*EXERCISE DESCRIPTION*
Transcribe each entry in full, and leave the images out.

====== DATASET RECORDS ======

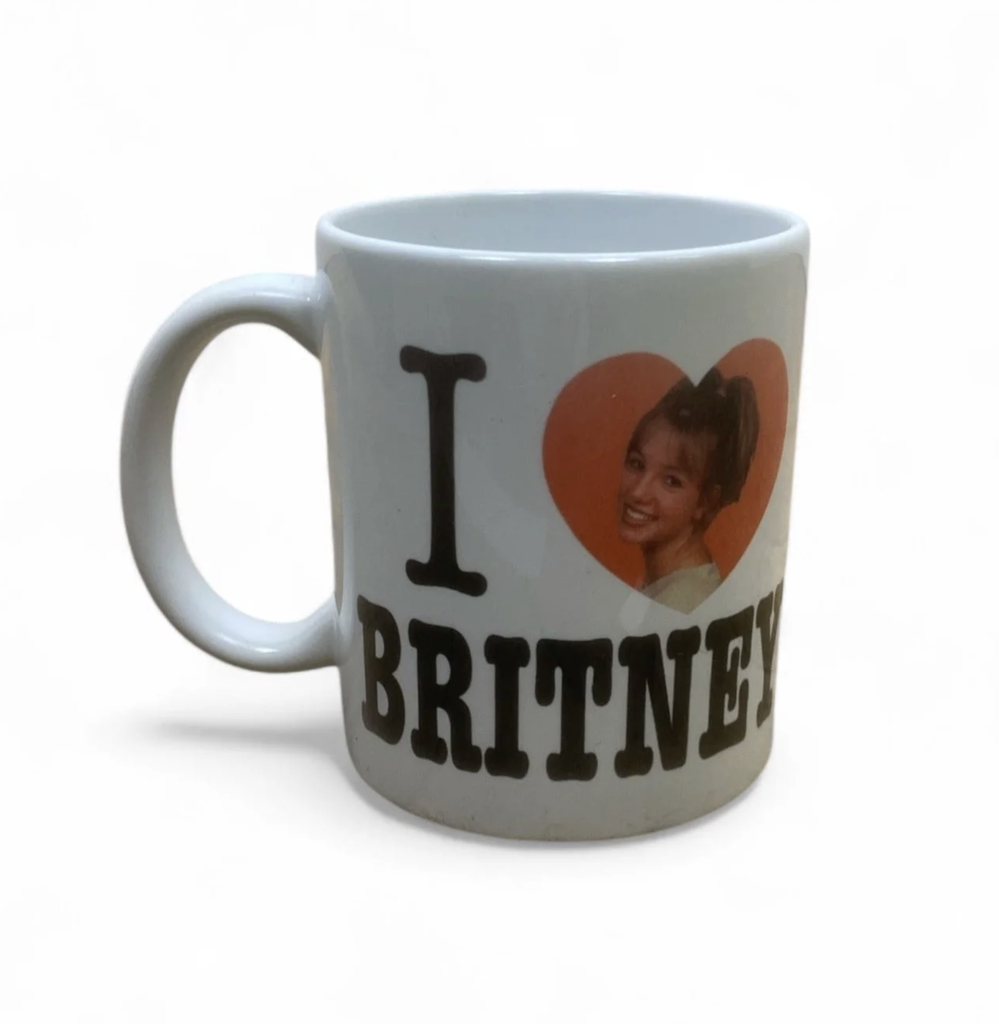 I Love Britney Becher 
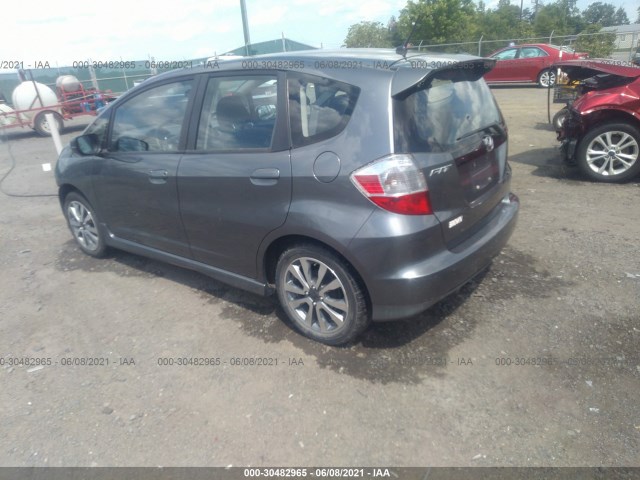 Photo 2 VIN: JHMGE8G50CC002722 - HONDA FIT 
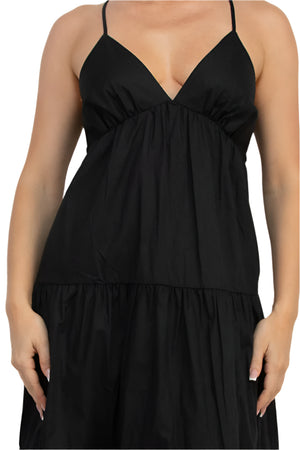 Margot Strap Back Tie Dress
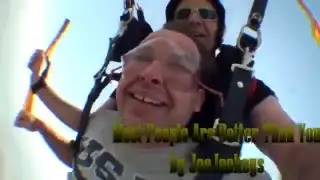 JoeJoeKeys Goes Skydiving
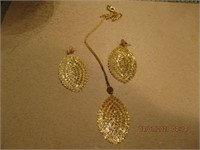 JCM Necklace & Earring Set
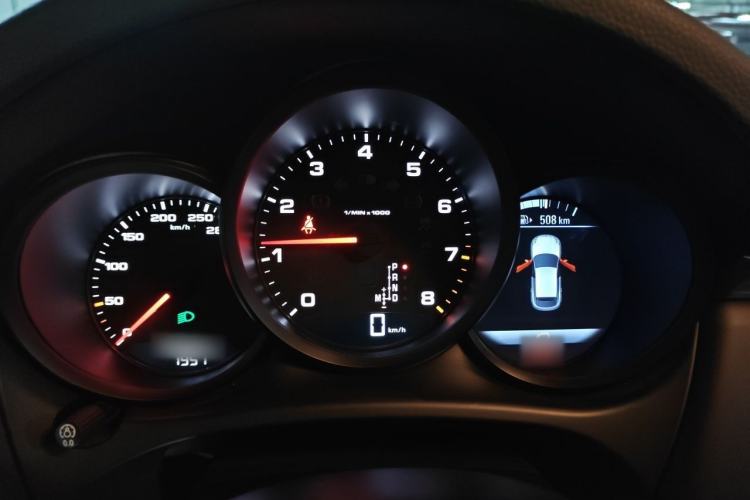 Used Porsche Macan 2020 Macan 2.0T Instrument Cluster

======

*EXERCISE ANSWER*
 I Love Britney Becher 
 Photo 2 VIN: JHMGE8G50CC002722 - HONDA FIT 
 Margot Strap Back Tie Dress
 JoeJoeKeys Goes Skydiving
 JCM Necklace & Earring Set
 Used Porsche Macan 2020 Macan 2.0T Instrument Cluster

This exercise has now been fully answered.